Provided entries:
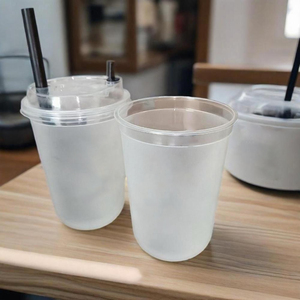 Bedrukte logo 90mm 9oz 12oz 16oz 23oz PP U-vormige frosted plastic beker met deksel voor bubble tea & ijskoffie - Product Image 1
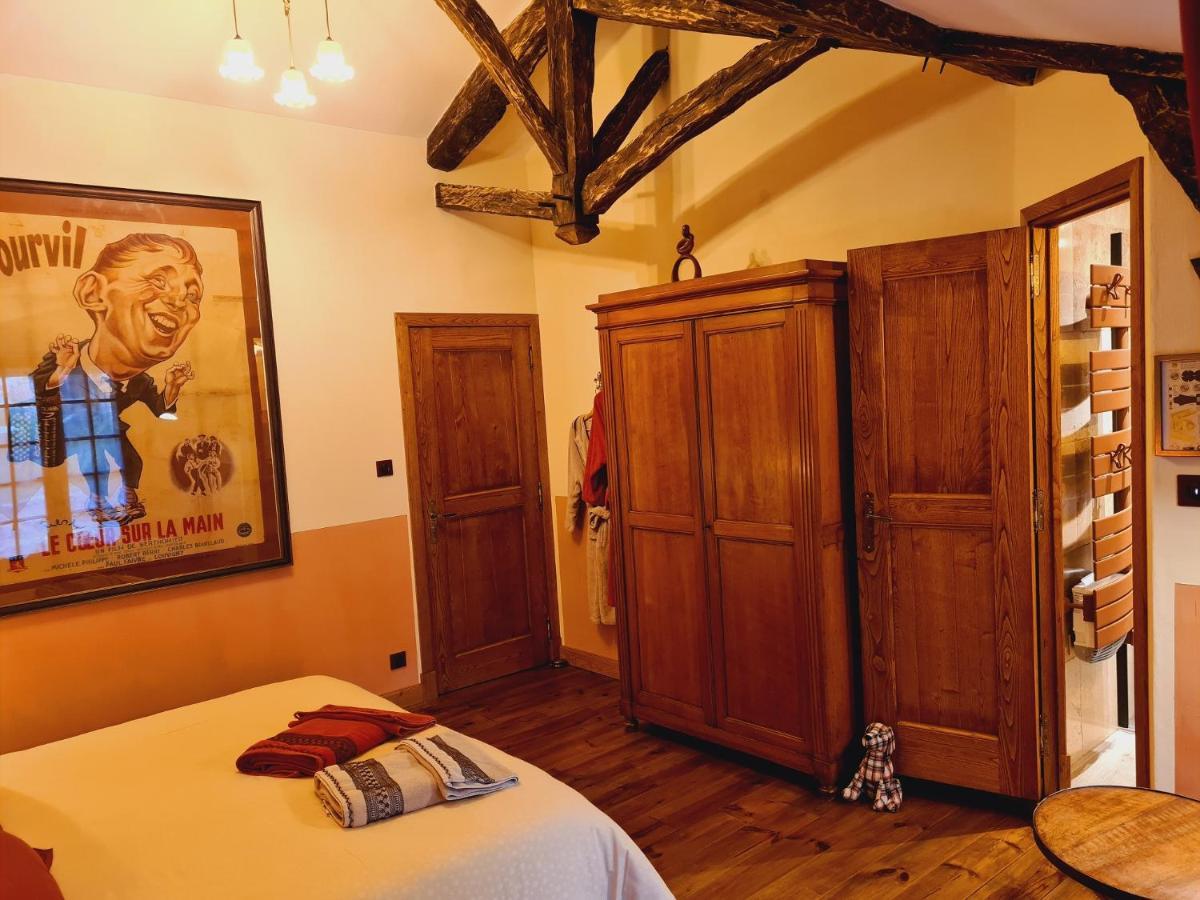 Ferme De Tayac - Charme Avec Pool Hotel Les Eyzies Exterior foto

==

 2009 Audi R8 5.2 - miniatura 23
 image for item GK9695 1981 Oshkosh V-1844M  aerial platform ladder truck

--

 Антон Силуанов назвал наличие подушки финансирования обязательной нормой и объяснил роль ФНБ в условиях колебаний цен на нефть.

Your goal: Where the listing above reaches the line that contains "2009 Audi R8 5.2 - miniatura 23", start retyping, and finish with the line that contains "image for item"; reproduce those lines exactly and no others.

Answer to this problem:
 2009 Audi R8 5.2 - miniatura 23
 image for item GK9695 1981 Oshkosh V-1844M  aerial platform ladder truck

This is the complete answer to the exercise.